Yes, you do not “need” to ever set an object to null since the GC will eventually collect your object after it goes out of scope.  For small objects that have a short life this is great, and its exactly why GC is a great thing.  But there are exceptions, and the experts aren't helping by ignoring these cases by simply making blanket statements.  I have an example you can download and try for yourself, as well as several charts from the example, that illustrates one of these cases -- see my last post for more details.  This particular case involves a large object that is replaced by another large object, which leaves you vulnerable to having two such large objects in memory if you don't first set the existing object to null.  Why?  Mostly because the first large object never goes out of scope until it is replaced by the second, so the GC doesn't know you're done with it early enough.  I've had some very well informed people tell me that setting the object to null in the middle of a method is meaningless -- and I believed them after hearing it so many times -- that is until I saw it for myself, thanks to Doug Ware of Magenic.  My sample app also calls the Clear method, and Dispose when its defined, but actually my more detailed tests showed they did not make any difference, but the set to null made a huge difference.  Now some people have told me this example is flawed because you could design the app in such a way so that the first large object could go out of scope before creating the second large object.  This criticism is partially valid -- my example was concocted to show the worst case, which I also don't think is all that uncommon in many winform applications with datagrids.  But I also had an earlier version of the example which did have this other design, and it also showed a significantly smaller average memory footprint when the objects were set to null, although not as drastic as the example noted above.  So what's my point?  Just that while you may not “need” to set your objects to null, there are some cases where you can realize significant gains by being preemptive and setting your large objects to null when you know they are no longer needed.

.NET Memory Management and Garbage Collection

Newbies to .NET often criticize its memory management and its garbage collector,
but the criticisms are typically based on a lack of understanding and nothing more.
For instance, many have observed that trivial .NET applications allocate about 20MB,
but the incorrect assumption that often follows is that the .NET runtime needs it.
Instead, we know that allocating memory is time-consuming, so its generally better
when there is lots of memory to just go ahead and allocate a big chunk all at once.
This means that our .NET applications can actually perform better in many cases,
since they don't have to be constantly allocating and deallocating needed memory.
Similarly, the garbage collector is often criticized by newbies to .NET unfairly,
because the implication of GC is that memory is not released as quickly as possible.
While this is true, its generally an acceptable trade-off with plenty of memory,
since garbage collection frees us from having to worry about memory ourselves.
That's right, we know that GC means we easily end up with more reliable systems,
with fewer memory leaks without investing tons of time managing memory manually.

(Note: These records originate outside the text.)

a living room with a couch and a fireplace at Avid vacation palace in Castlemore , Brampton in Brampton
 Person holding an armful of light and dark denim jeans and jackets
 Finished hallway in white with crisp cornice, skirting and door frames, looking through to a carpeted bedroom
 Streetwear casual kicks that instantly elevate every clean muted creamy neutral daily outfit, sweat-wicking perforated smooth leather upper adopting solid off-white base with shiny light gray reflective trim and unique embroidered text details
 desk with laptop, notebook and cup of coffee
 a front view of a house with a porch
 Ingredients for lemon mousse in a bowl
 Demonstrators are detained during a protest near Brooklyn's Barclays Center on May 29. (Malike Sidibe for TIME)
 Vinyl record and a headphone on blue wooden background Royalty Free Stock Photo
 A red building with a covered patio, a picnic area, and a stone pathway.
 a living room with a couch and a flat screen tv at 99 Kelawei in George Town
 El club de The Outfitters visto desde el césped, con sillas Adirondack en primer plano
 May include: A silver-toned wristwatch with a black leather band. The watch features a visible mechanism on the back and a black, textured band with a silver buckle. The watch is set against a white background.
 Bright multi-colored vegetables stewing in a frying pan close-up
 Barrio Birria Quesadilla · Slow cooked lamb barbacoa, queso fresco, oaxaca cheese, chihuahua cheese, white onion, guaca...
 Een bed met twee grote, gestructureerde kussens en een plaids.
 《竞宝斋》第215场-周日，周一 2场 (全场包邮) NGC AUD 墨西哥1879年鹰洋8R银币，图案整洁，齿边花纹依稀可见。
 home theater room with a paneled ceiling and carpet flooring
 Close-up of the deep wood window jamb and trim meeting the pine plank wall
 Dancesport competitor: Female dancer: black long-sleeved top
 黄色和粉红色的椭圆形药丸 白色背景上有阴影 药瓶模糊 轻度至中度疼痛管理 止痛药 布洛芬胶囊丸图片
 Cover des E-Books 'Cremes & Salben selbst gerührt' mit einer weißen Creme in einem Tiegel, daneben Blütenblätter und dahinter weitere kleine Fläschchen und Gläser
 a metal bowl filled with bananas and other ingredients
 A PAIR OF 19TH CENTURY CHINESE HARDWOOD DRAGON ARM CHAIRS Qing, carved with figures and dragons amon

So what's the point of this post?  Sadly, not all systems are such simple cases.
I've been working with a large .NET WinForms application that uses lots of very
large objects (datasets actually), which means that memory is often running low.
To make matters worse, this application is supposed to run in a Citrix environment,
which means there will be multiple instances of this application at the same time.
Our Citrix servers have 4GB of RAM and dual processors, which sounds like a lot,
but that memory and horsepower has to be shared among many concurrent users here.
The existing Access-based applications we are replacing ran in this environment,
and it was typically common to have up to 40 users working on the same Citrix box.
Its easy to assume, as have the business people, that since .NET is new and better,
then we can surely get 40 users on the same Citrix box with .NET applications too.
Well, it isn't going to happen -- at this point we'll be happy if we can get 20,
and prior to finding the bug in the XmlSerializer we wondered if 10 was possible.
Don't get me wrong, there are issues beyond just .NET here, like the rationale
for working with such large datasets, but then Access made it "seem" easy to do.

So what have I learned so far?  First, .NET global memory performance counters
do NOT work -- they simply report the last sample from a single .NET application.
Next, contrary to what I've often read and been told, by many .NET experts too,
setting objects to null (or Nothing in VB) can make a huge difference afterall!
Note, you can download a simple application I've created to see this for yourself
-- it tracks single or multiple processes, with or without the set null cleanup.
My sample creates an approximately 100MB large object (a dataset or an arraylist),
but the process private bytes quickly level at 200MB, and even 300MB at times.
On the other hand, setting my objects to null keeps the private bytes level at
100MB
, although certainly there are still the momentary expected spikes to 200MB.
This may not matter for small footprint apps, but it can be quite critical for
large applications, let alone cases where there are multiple such applications.
My sample also calls the Clear method, and Dispose when its defined, but separate
tests actually showed they actually did not make a difference -- just set to null.
That said, a colleague has convinced me that not calling Dispose when its defined
is just asking for trouble, afterall why is it defined if not for a good reason.
A look at the source code can even prove some Dispose methods do nothing at all,
but that's an internal implementation detail that is not good to assume in use.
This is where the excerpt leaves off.